Exercise details
Output exactly the lines that come between the start of the material and the line containing "Men's Shorts New", both ends included, with the pictures omitted.
(Records supplied begins)
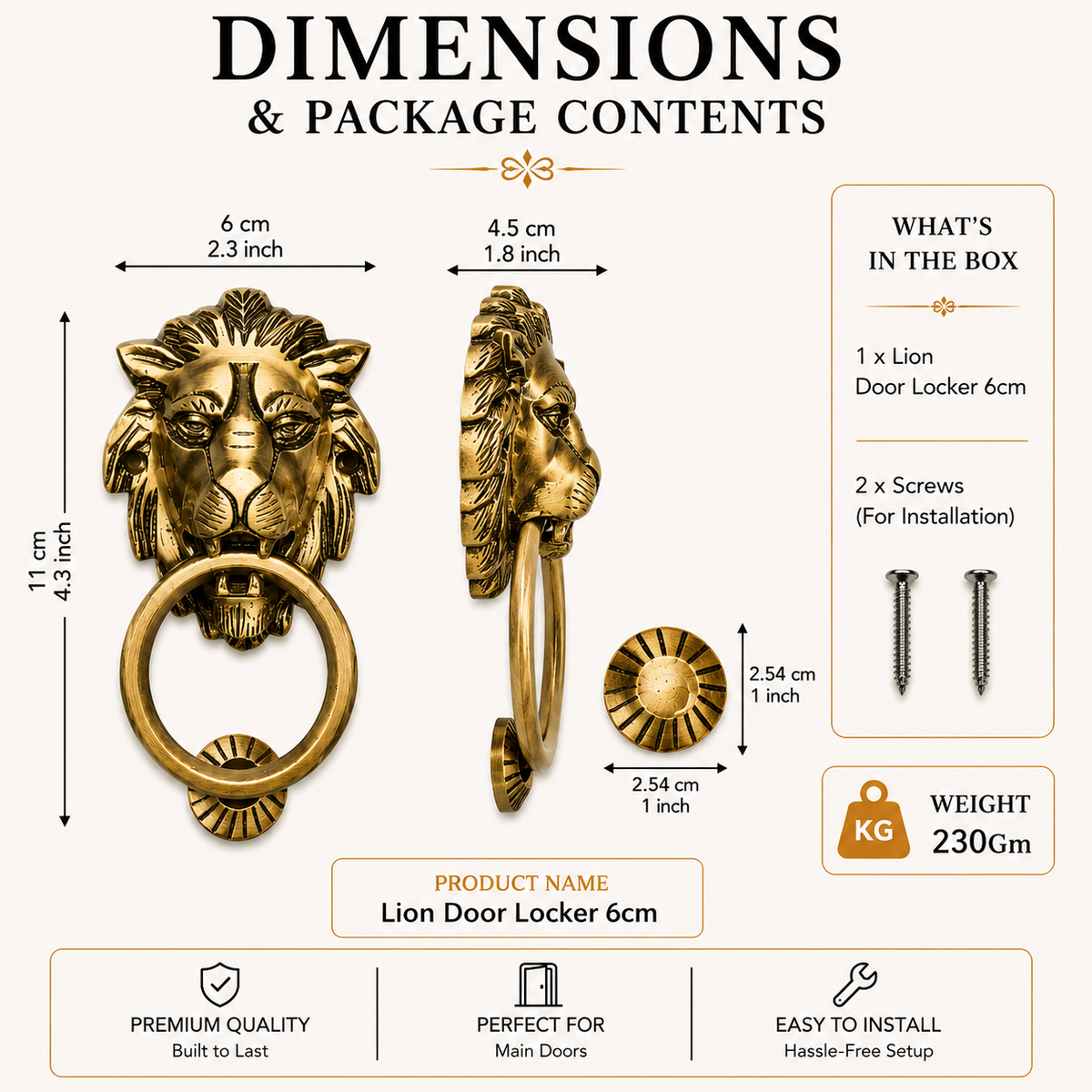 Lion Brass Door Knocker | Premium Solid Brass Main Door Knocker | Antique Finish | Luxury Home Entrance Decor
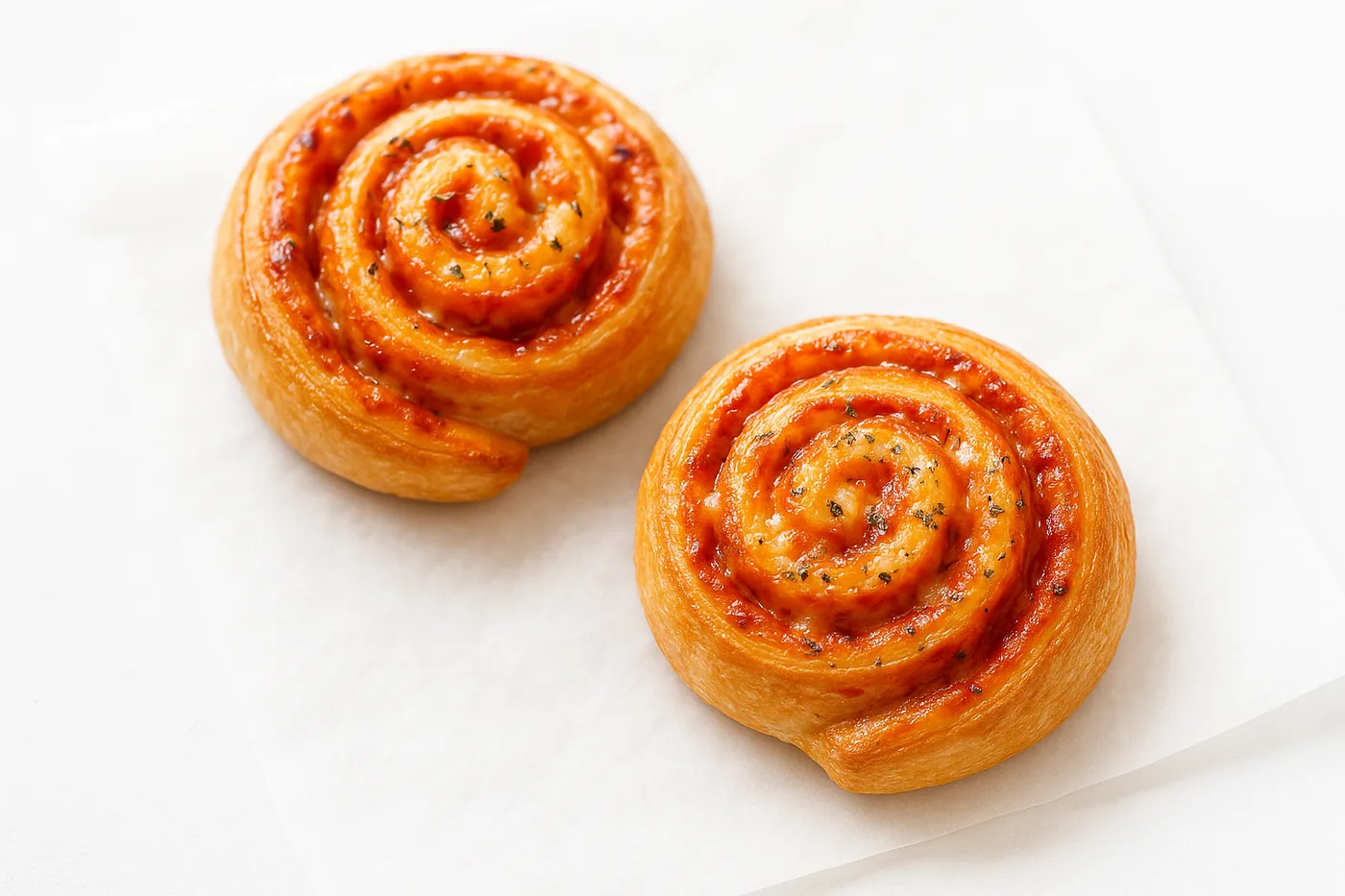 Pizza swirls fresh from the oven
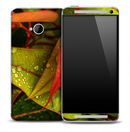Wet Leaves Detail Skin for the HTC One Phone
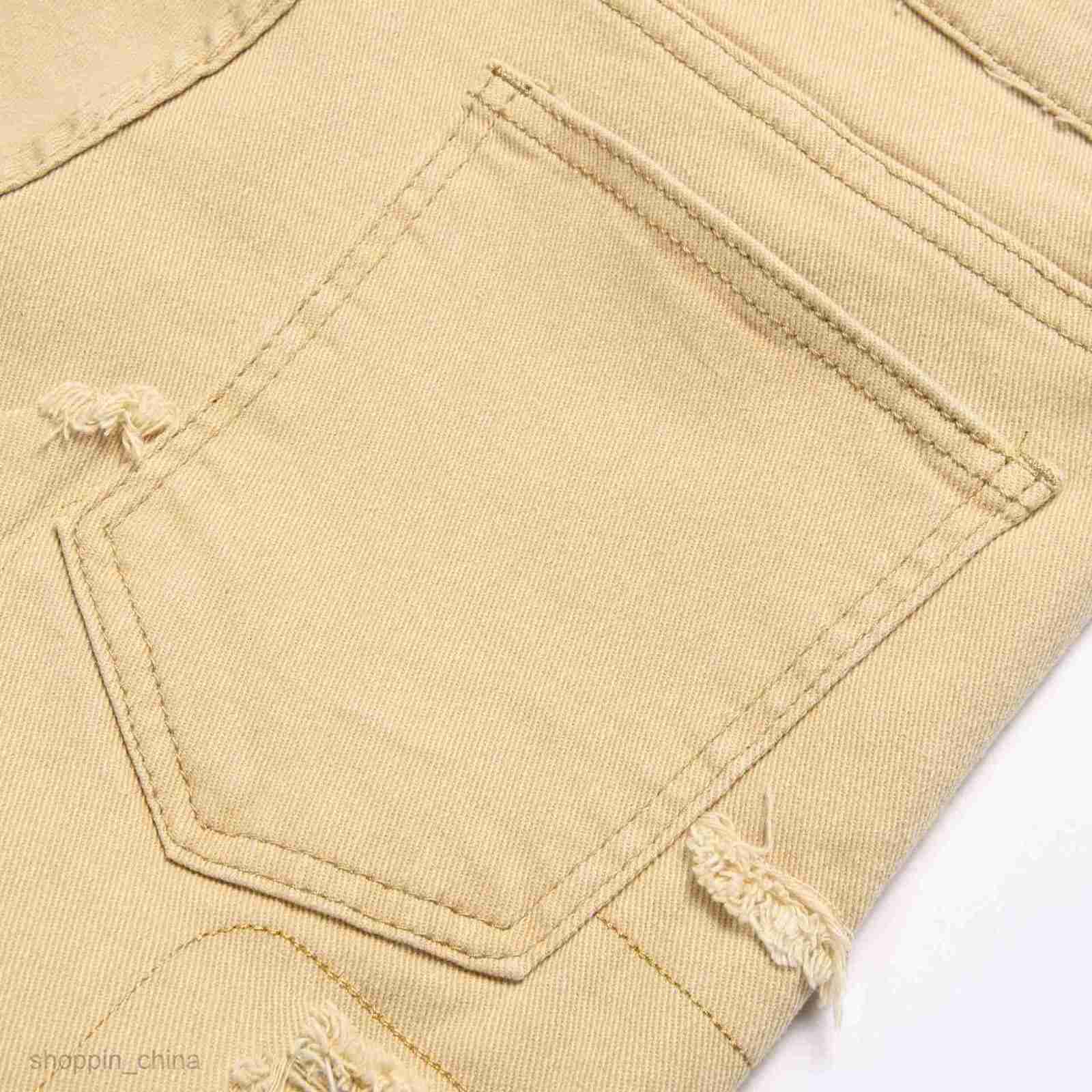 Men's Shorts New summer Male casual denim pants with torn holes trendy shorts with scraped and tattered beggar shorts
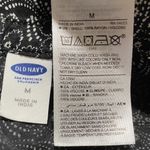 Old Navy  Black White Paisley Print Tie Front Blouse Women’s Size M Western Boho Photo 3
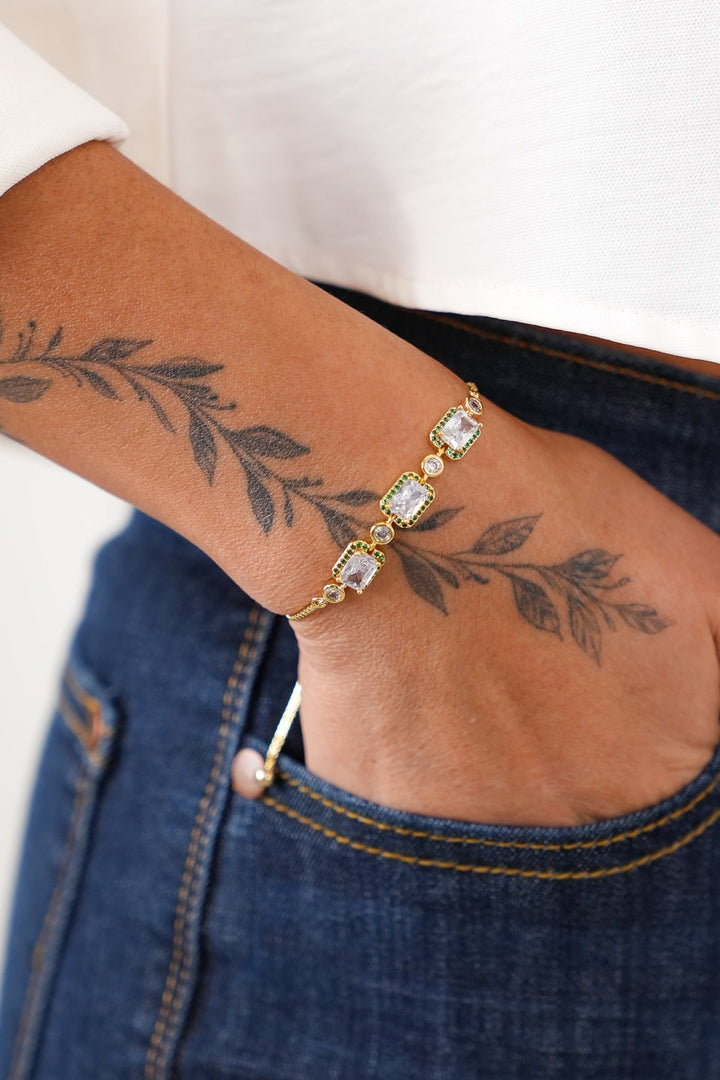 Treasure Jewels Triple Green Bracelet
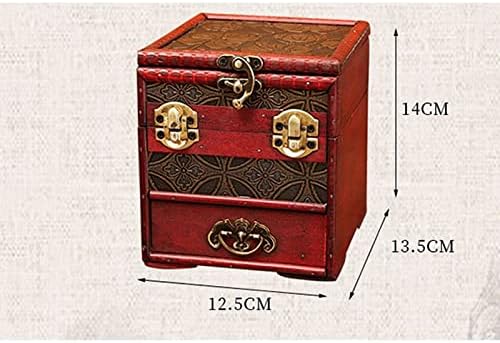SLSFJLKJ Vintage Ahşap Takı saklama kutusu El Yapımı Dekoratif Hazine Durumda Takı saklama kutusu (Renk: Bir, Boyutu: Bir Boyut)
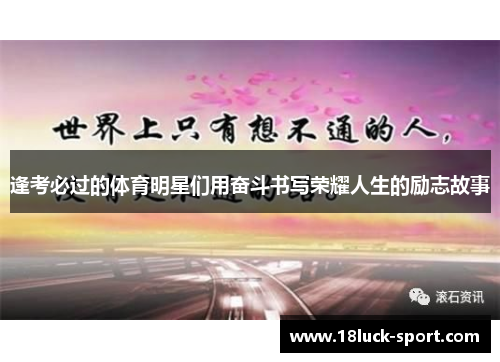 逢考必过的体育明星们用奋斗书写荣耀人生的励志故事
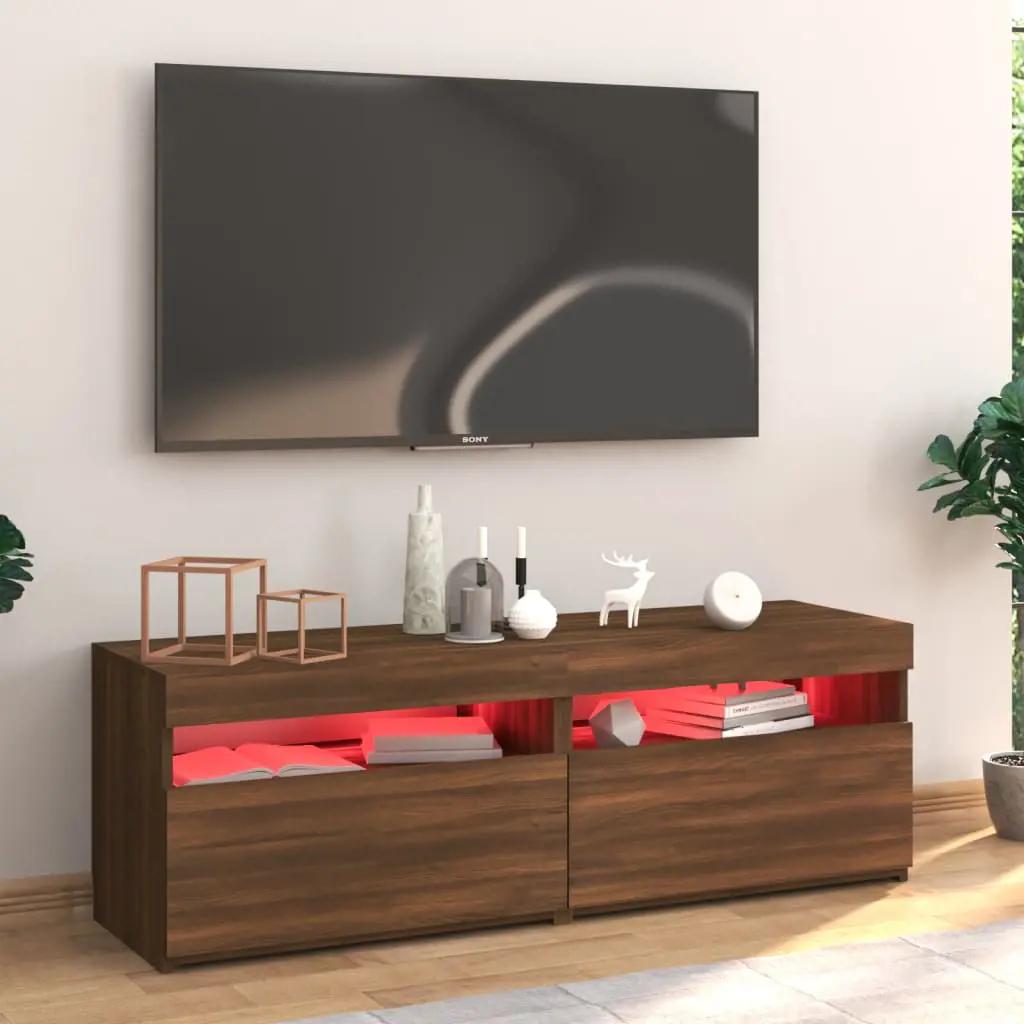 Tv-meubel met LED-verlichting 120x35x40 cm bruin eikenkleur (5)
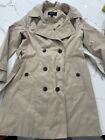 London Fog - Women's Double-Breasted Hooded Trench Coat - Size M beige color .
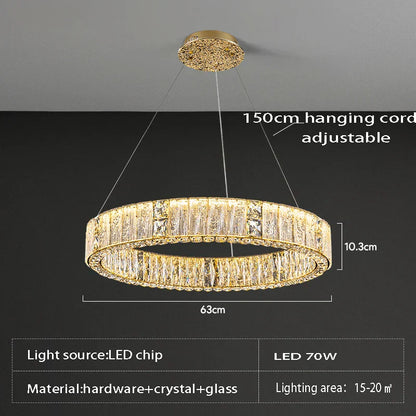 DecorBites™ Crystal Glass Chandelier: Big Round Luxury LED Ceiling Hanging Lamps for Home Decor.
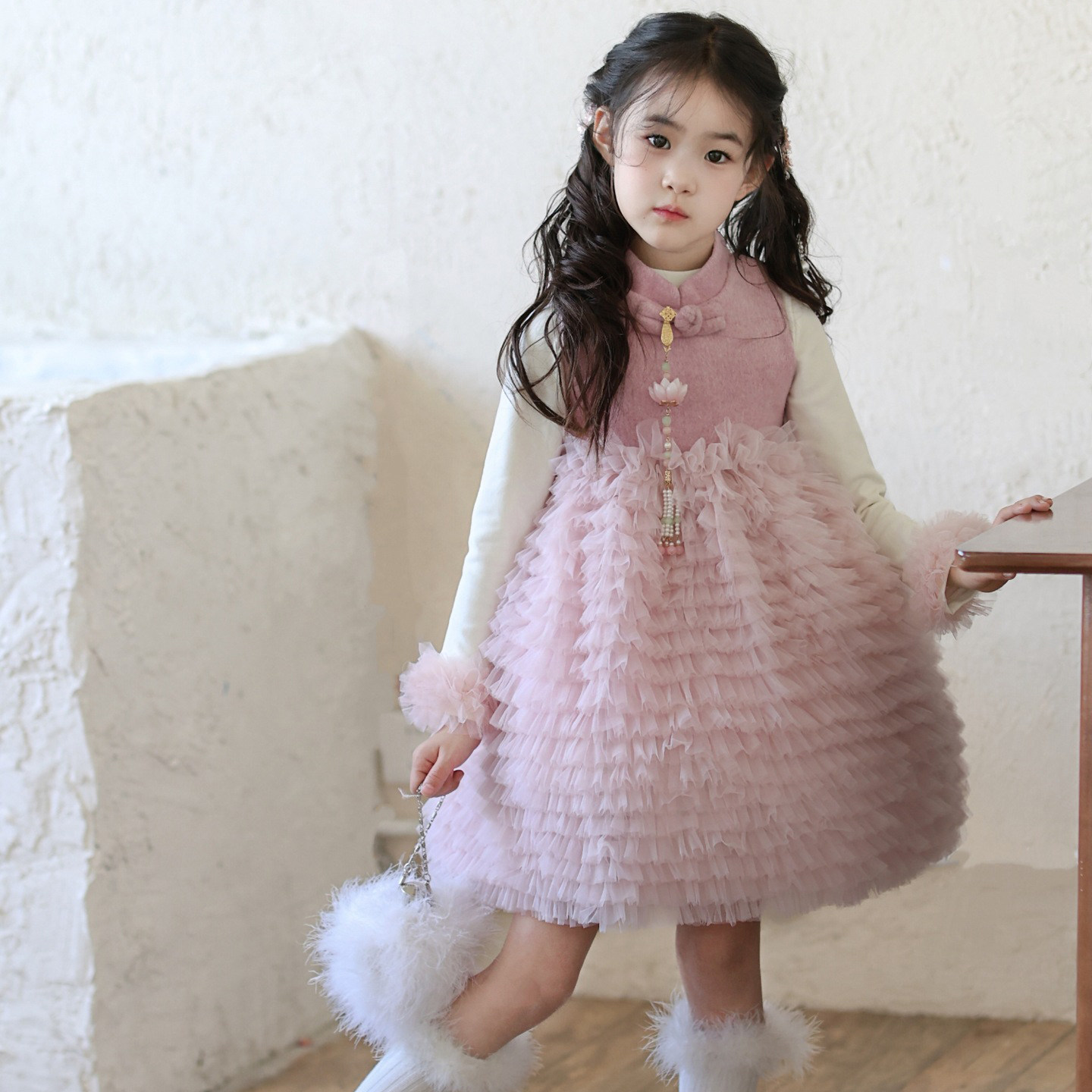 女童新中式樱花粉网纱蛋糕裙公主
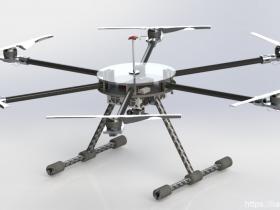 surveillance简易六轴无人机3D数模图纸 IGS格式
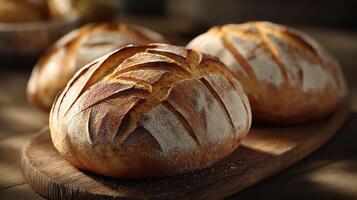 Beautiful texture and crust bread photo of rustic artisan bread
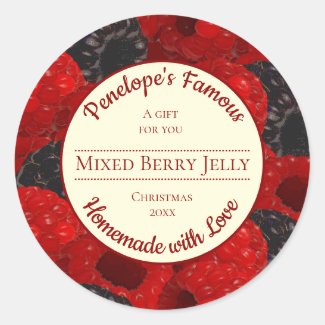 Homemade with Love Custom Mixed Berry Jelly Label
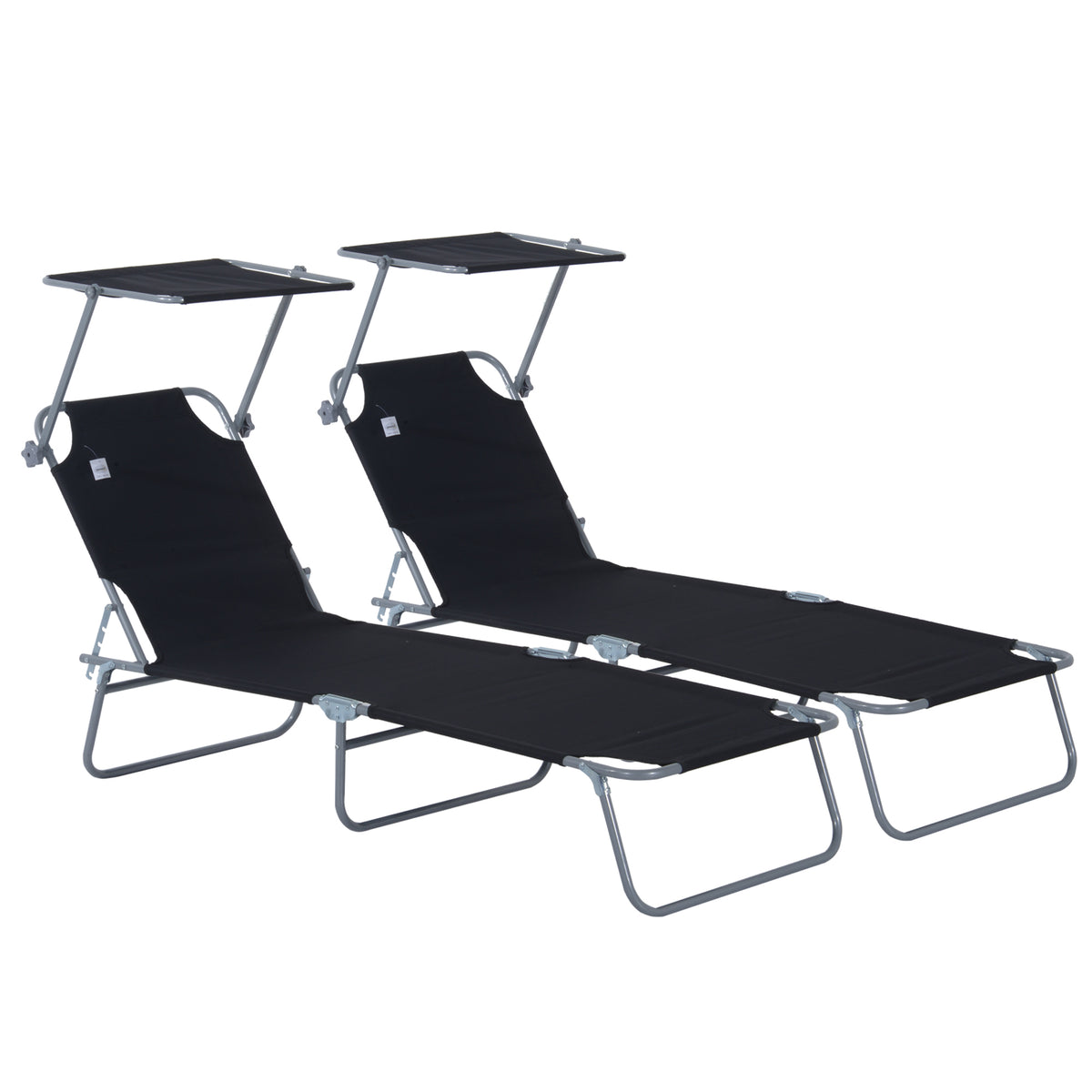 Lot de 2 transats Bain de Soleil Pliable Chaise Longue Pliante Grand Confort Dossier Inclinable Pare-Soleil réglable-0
(Records supplied ends)
Exercise output
 Lion Brass Door Knocker | Premium Solid Brass Main Door Knocker | Antique Finish | Luxury Home Entrance Decor
 Pizza swirls fresh from the oven
Wet Leaves Detail Skin for the HTC One Phone
 Men's Shorts New summer Male casual denim pants with torn holes trendy shorts with scraped and tattered beggar shorts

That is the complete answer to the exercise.